PhD candidate Chris Clary
In the high stakes world of international relations, particularly when nuclear powers are involved, there is little room for error. At the same time, sorting out causes and effects from the mix of actions and events unfolding between nation states is not trivial.
For this reason, third-year doctoral student Christopher Clary came to MIT after a decade of government work, mostly in Washington, DC, dissecting the politics of South Asia and helping form defense policies. "The dirty secret about Washington, DC is that it is filled with very smart people who have absolutely no time to think," says Clary. "They are too busy reacting to the problems of the day."
Clary's thinking about South Asia began somewhat serendipitously. In 1999, as an undergraduate studying Latin American issues at Wichita State University, he decided to spend a semester in Washington, DC. He applied for internships and by the end of the year was ready to move.
The only thing missing was a job.
The Latin American think tanks were slow getting back to him, so at the last minute, he landed an internship focused halfway around the world on South Asia.
Clary couldn't have made a more fortuitous decision. Just two years earlier, India and Pakistan had both tested their first nuclear weapons (barring a small 1974 test by India). The A.Q. Khan nuclear proliferation network was in full swing. The two countries had also just fought a limited war against one another — the first direct conflict between two nuclear powers. And President Clinton visited India in 2000 with an aim to develop US–India relations. "It was an exciting time," says Clary.

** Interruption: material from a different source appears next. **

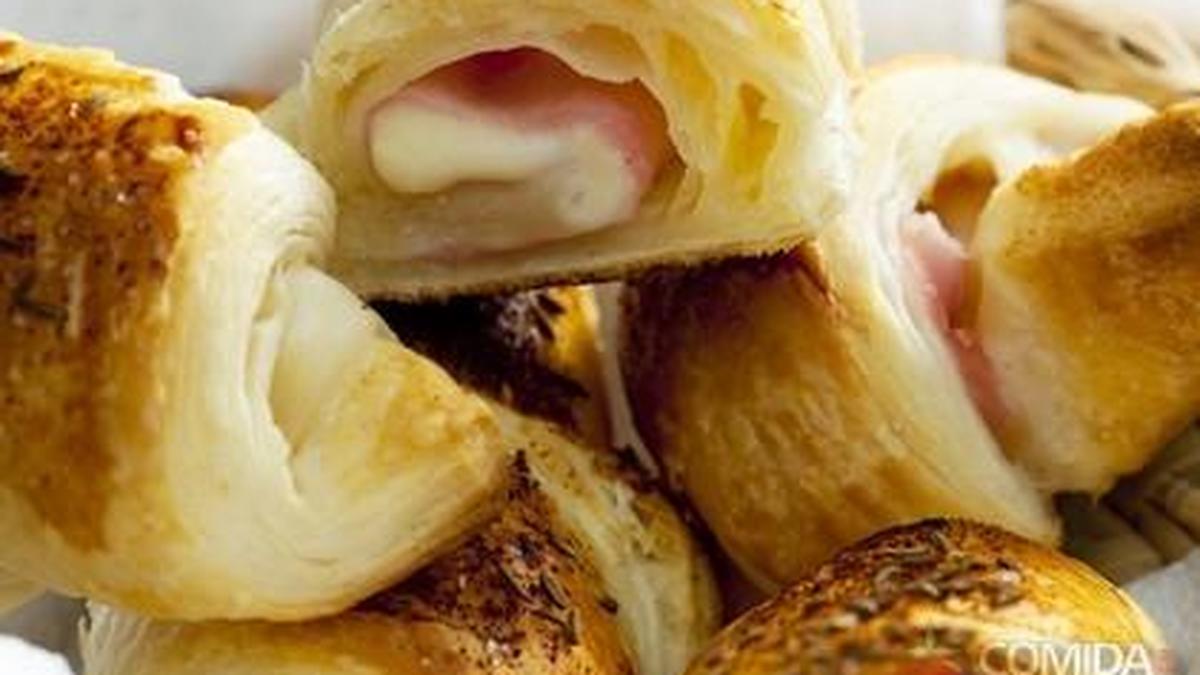 Croissant fácil fácil de fazer com presunto e mussarela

And the region, he realized, was understudied. At the Henry L. Stimson Center, where his internship eventually became a full-time job, experts on China filled the halls. "There weren't nearly as many people working on South Asia," he says.
Clary left Stimson in 2003 to become a research associate and earn a Master's in National Security Affairs at the US Naval Postgraduate School in Monterey, California. He worked to understand how India and Pakistan configured their nuclear arsenals and conventional militaries. After that, he returned to DC for work at the Pentagon to develop US defense policies mainly with India. "I became very interested in India's rise of power," says Clary.
Most intriguing, he found, was the similarity between India's rise and that of the US. "The US had a long gap between it's ability to influence the international scene and its willingness to do so," he says. "India, outside of its immediate neighborhood, shows similar signs of being hesitant to expend resources to influence the global scene." It was this recognition that led Clary to begin wondering when rising powers threaten the status quo. "As both India and China rise and the US declines, the topic has reasserted itself in security studies," says Clary.
Today, Clary wants to understand why rivalries brew, what fills the void when they end, and what causes some rising powers to ascend peacefully and others violently. "South Asia has appeal for people interested in war and peace, because it has challenges with conflict at all stages of the escalation ladder," says Clary.
One confounding factor Clary is facing as he refines his research focus is that politics are played out, he says, "by people with intentions, not particles that behave according to rules," so it's possible to get causes and effects mixed up. Such a mixup, if it influences policy, could be devastating. "There's no pilot phase," says Clary. "You want to be right about these things."